Lustig experienced the confrontation when Celtic were given the full 7,500-capacity Broomloan Stand, an arrangement ended by Rangers in 2018. Indeed, the defender no less than netted the goal that allowed them to secure a record 5-1 league victory at Ibrox in May 2017. The lustre the confrontation had then - which he contributed towards with a cheeky donning of a policeman’s hat as Celtic clinched the league with a 5-0 drubbing of Rangers in April 2018 - will be lost through the lack of visiting supporters, he feels.
“It’s probably one of the best fixtures in the world. Well, it was,” he said. “So, for me, I just hope the away fans can come back. Because it makes that fixture really, really good – and all the people around the world are talking about that fixture.
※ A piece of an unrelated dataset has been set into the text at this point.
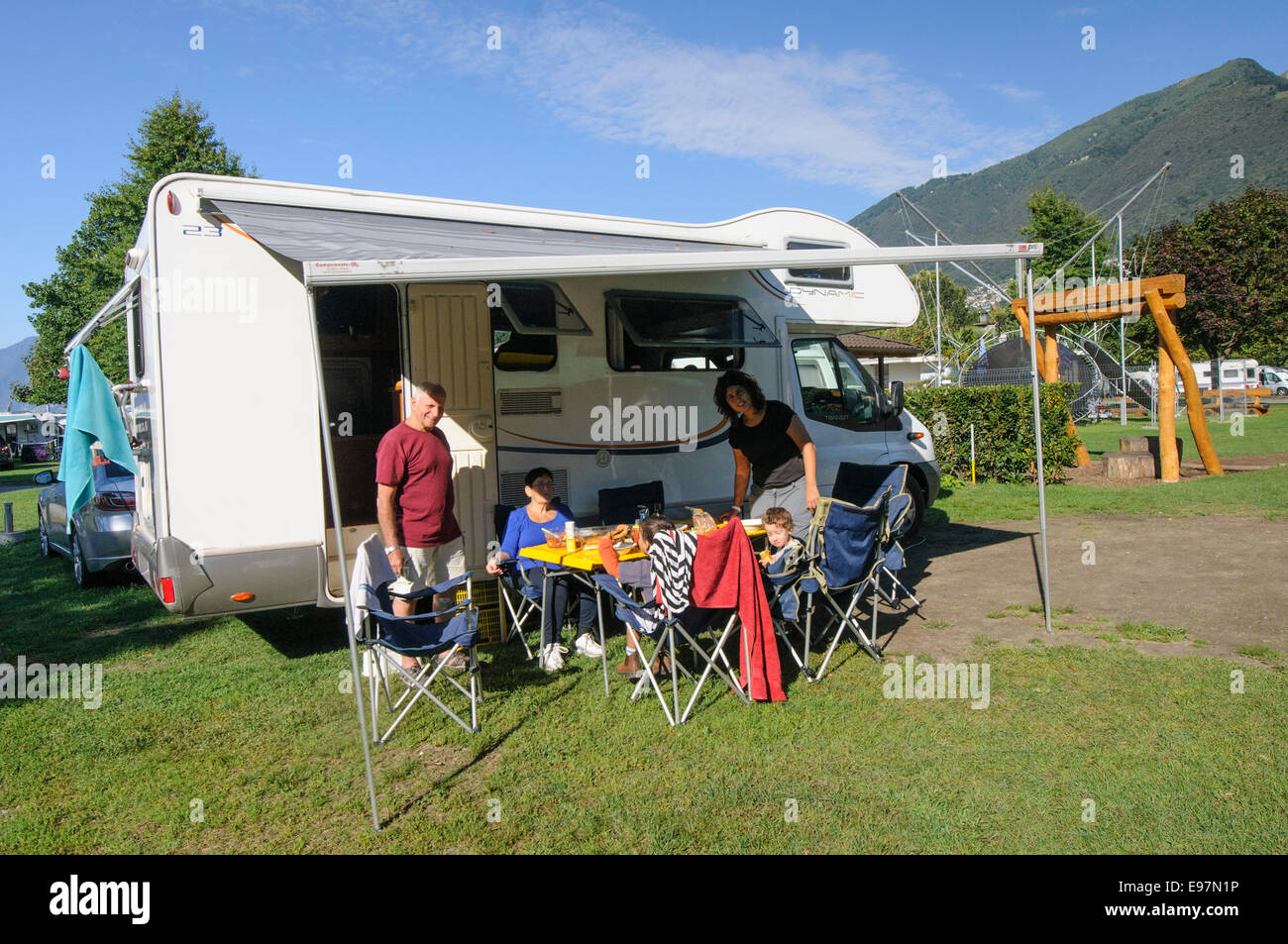 Motor home vacanze Dolomiti, Italia camper parcheggiato in un campeggio Foto Stock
I’m a bit scared that, if you take away the away fans, the fixture isn’t going to be as massive. I’m not sure whose decision it was – but I hope we can have them back.
“My goal at Ibrox was obviously one of my favourite moments [at Celtic]. To play there and beat them 5-1, and to score that [last] goal, that was good. The day of the policeman’s hat was pretty good too. You need that rivalry in football. It’s the same in Sweden, you need the big rivalries with the big atmosphere. So I hope we can get it back.”
Lustig isn’t enthused either by VAR’s deployment in the Scottish game, his homeland standing apart from all other nations as a result of 18 out of 32 clubs rejecting its introduction to the Swedish top flight. “We don’t have it because supporters didn’t want it,” he said. “When you get a penalty that you maybe wouldn’t get before, you think it’s good. When it goes against you … I don’t know, I think I’m pretty 50-50. But I love when you score a goal that you can celebrate right away, because that’s it, a goal. Now you see people scoring goals and waiting for a minute …If I need to choose, I’m against it. The clubs voted against it. There is a 50 per cent rule in Sweden, so the supporters’ voices are quite clear – and they didn’t want it.”